Single by The Heartbeats
- B-side: "Oh Baby Don't"
- Released: October 1956 (US)
- Genre: Doo-wop
- Length: 2:22
- Label: Hull, Rama
- Songwriter(s): James Sheppard and William H. Miller

= A Thousand Miles Away =

"A Thousand Miles Away" is a 1956 song recorded by the American doo-wop group The Heartbeats. The song was written by James Sheppard and William H. Miller.
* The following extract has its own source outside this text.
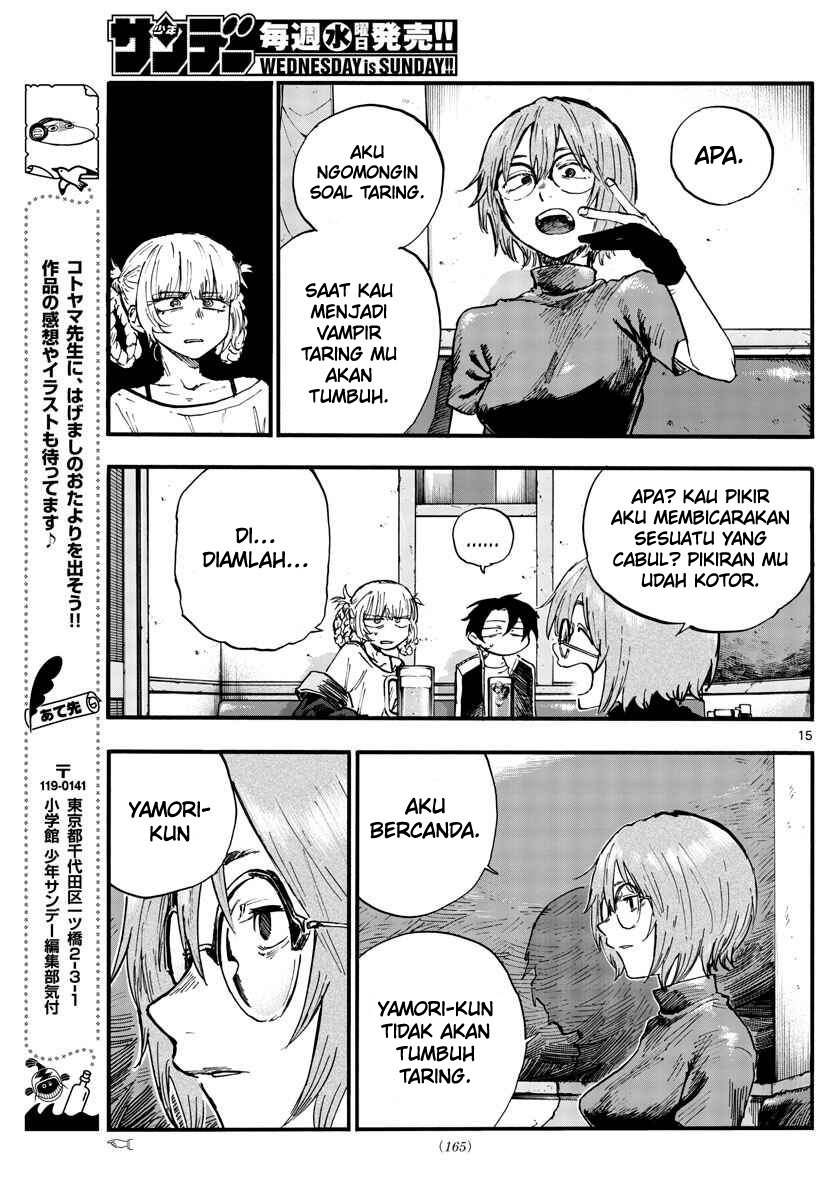 yofukashi-no-uta - Chapter: 95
The sequel, "Daddy's Home", also written by Sheppard and performed by his group Shep and the Limelites, was released in 1961. It did even better on the charts, reaching #2 on the US Billboard Hot 100.

==Background==
Sheppard co-wrote the song after his ex-girlfriend moved away to Texas.

==Track listing==
7" Vinyl
1. a. "A Thousand Miles Away" - 2:22
2. b. "Oh Baby Don't" - 2:25

==Chart performance==
- "A Thousand Miles Away" reached #5 on the R&B Singles chart and #52 in the US on The Billboard Hot 100.
- A 1960, reissue had the song peak at #96 on the Hot 100.

==Cover versions==
Other artists who have released a cover versions of the song are:
- The Fleetwoods
- The Diamonds
- Harry Nilsson

==In popular culture==
The song was featured in the 1973 film American Graffiti.